Apache Arrow 13.0.0 Release
Published
24 Aug 2023
By
The Apache Arrow PMC (pmc)
The Apache Arrow team is pleased to announce the 13.0.0 release. This covers over 3 months of development work and includes 456 resolved issues from 108 distinct contributors. See the Install Page to learn how to get the libraries for your platform.
The release notes below are not exhaustive and only expose selected highlights of the release. Many other bugfixes and improvements have been made: we refer you to the complete changelog.
Community
Since the 12.0.0 release, Marco Neumann, Gang Wu, Mehmet Ozan Kabak and Kevin Gurney have been invited to be committers. Matt Topol, Jie Wen, Ben Baumgold and Dewey Dunnington have joined the Project Management Committee (PMC).
Thanks for your contributions and participation in the project!
Columnar Format Notes
The run-end encoded layout has been added. This layout can allow data with long runs of duplicate values to be encoded and processed efficiently.
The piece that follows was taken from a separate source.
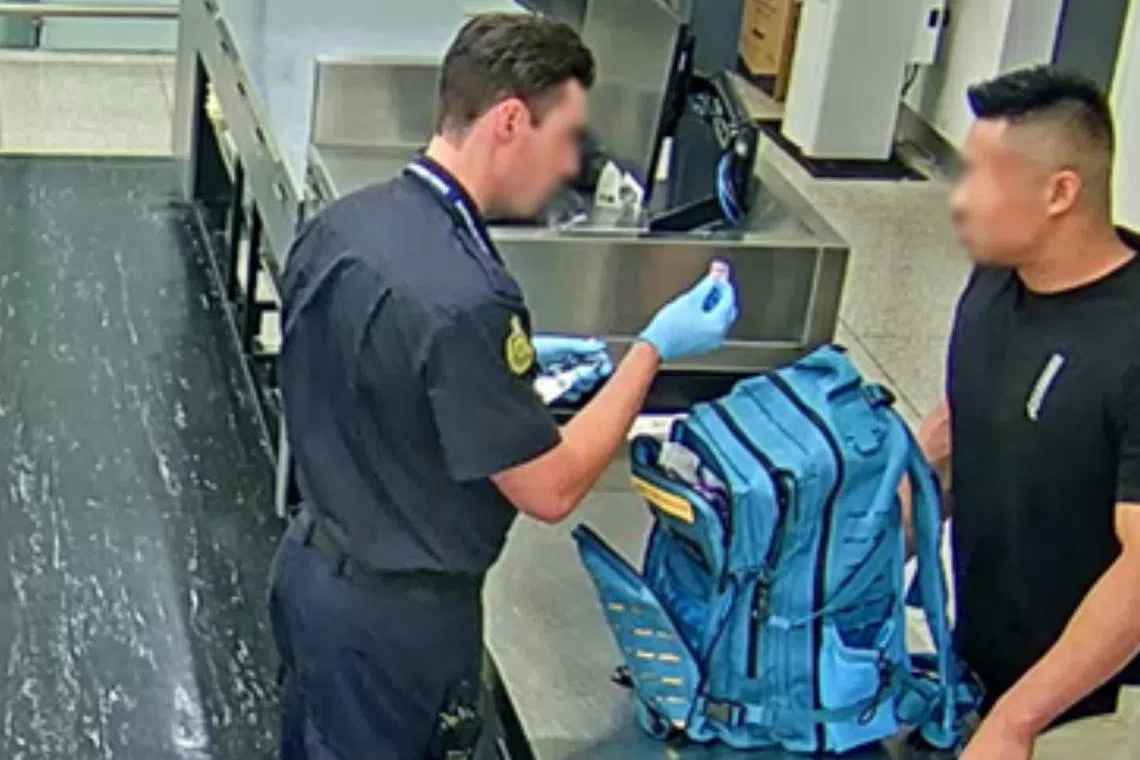 The man had arrived in Perth on Nov 16 from Singapore and was taken aside for luggage inspection.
Initial support has been added for C++ and Go.
C Device Data Interface
An experimental new specification, the C Device Data Interface, has been accepted for inclusion GH-34971. It builds on the existing C Data Interface to provide a runtime-agnostic zero-copy sharing mechanism for Arrow data residing on non-CPU devices.
Reference implementations of the C Device Data Interface will progressively be added to the standard Arrow libraries after the 13.0.0 release.
Arrow Flight RPC notes
Support for flagging ordered result sets to clients is now added. (GH-34852)
gRPC 1.30 is now the minimum supported version in C++/Python/R/etc. (GH-34679)
In C++, various methods now receive a full ServerCallContext
(GH-35442, GH-35377) and the context now exposes headers sent by the client (GH-35375).
C++ notes
Building
CMake 3.16 or later is now required for building Arrow C++ GH-34921.
Optimizations are not disabled anymore when the RelWithDebInfo
build type
is selected GH-35850. Furthermore, compiler flags can now properly be
customized per-build type using ARROW_C_FLAGS_DEBUG
, ARROW_CXX_FLAGS_DEBUG
and related variables GH-35870.
Acero
Handling of unaligned buffers is input nodes can be configured programmatically
or by setting the environment variable ACERO_ALIGNMENT_HANDLING
. The default
behavior is to warn when an unaligned buffer is detected GH-35498.
Compute
Several new functions have been added:
- aggregate functions “first”, “last”, “first_last” GH-34911;
- vector functions “cumulative_prod”, “cumulative_min”, “cumulative_max” GH-32190;
- vector function “pairwise_diff” GH-35786.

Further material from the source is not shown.